Önce Sertan Yalçın, sonra Cahide Can ve ardından da İzzet Pehlivan aradı telefonla.
Her üçü de, “ölüm!” haberi verdi.
Dediler ki, Vedat Can veda etti.
Veda !
Ne kadar soğuk!
 
6 Kasım 2018 Salı günü sabah saatlerinde veda etmiş bize Vedat Can sessiz ve sedasız.
Biliyordum uzun süreden bu yana rahatsız olduğunu ve özel bir klinikte yattığını.
Rahatsızlığının asıl sebebi ne biliyor musunuz?
Meslek!
Yaşamı boyunca boyalarla iç içe yaşamıştı çünkü.
O boyalar ile resimler yapmıştı.
Yaptığı resimler, ülkemiz ve dünyanın bir çok ülkesindeki sergilerde yer almıştı.
O Ressam Vedat Can’dı.
Ünlüydü.
Ünlü olmasına ünlüydü de, tanıyanlar çok iyi bilirler ki, tam bir beyefendiydi.
Gönül kibir yoktu ki.
Hamuru temizdi.
Tertemiz!
 
Vedat Can’ın ölüm haberi gerçekten de  içimi  çok yaktı.
Dört yıl önce bizim eve geldiğinde, rahatsızlığından dolayı sadece su içebilmişti.
Torunum Ekin’in çizdiklerini gösterdiğimizde, O’na bir çok tavsiyeler bulunurken, mesajları velilereydi.
Demişti ki, “çocuğun resmine müdahale etmeyin. O içinden geçenleri özgürce çizsin.”
Hiç unutmam bu sözlerini.
Dahası, bu sözlerinin videosu da var arşivimde.
Çok düşündüm yayımlamayı.
Ama bir türlü yapmadım bu “Velilere ders!” haberini.
Evet şimdi yapmalıyım bu haberi.
Yayımlamalıyım ki, çocuklarının yeteneklerine müdahale ederek bilgiçlik taslayanlar olmasın.
Çocuklar/çocuklarımız özgür olsun.
Özgürce düşünsünler,
Kararlarını da özgürce versinler.
 
Vedat Can sadece bir isim değildir.
Sadece Kdz.

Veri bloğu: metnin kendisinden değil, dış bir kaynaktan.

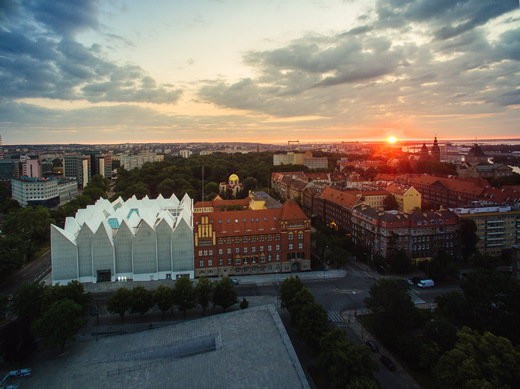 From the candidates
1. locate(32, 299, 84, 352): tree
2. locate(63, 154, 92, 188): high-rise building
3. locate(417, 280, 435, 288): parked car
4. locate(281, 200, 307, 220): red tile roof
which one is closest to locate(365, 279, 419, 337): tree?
locate(417, 280, 435, 288): parked car

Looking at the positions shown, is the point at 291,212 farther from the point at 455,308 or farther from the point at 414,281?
the point at 455,308

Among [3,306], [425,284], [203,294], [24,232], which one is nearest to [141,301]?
[203,294]

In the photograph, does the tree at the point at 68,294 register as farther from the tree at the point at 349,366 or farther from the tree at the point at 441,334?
the tree at the point at 441,334

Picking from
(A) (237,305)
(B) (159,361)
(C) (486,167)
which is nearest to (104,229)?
(A) (237,305)

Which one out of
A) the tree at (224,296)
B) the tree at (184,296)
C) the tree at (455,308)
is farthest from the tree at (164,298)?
the tree at (455,308)

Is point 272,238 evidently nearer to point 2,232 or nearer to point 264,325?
point 264,325

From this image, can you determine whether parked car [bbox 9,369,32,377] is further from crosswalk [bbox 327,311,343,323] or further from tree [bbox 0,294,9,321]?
crosswalk [bbox 327,311,343,323] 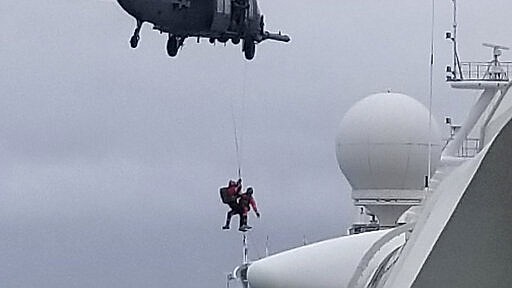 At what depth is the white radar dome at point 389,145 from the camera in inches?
1109

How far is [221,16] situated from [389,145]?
5.52 meters

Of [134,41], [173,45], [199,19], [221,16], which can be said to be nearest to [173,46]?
[173,45]

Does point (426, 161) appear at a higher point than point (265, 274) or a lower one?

Ereğli Atatürk Kültür Merkezi’ndeki salonun birinin adı da değildir.
Vedat Can farklılıktır.
Sanattır.
Kültürdür.
Sevgi ve saygının tanıma şansı bulanlar için unutulmaz bir örneğidir.
Evrendir.
Kelebektir.
 
İşte o yaşamını renklerin dansına adayan ‘Can gibi Can kelebek’ geride çok hoş bir sada bıraktı ve gitti.
Işık içinde uyu Vedat Bey.
Işıklar!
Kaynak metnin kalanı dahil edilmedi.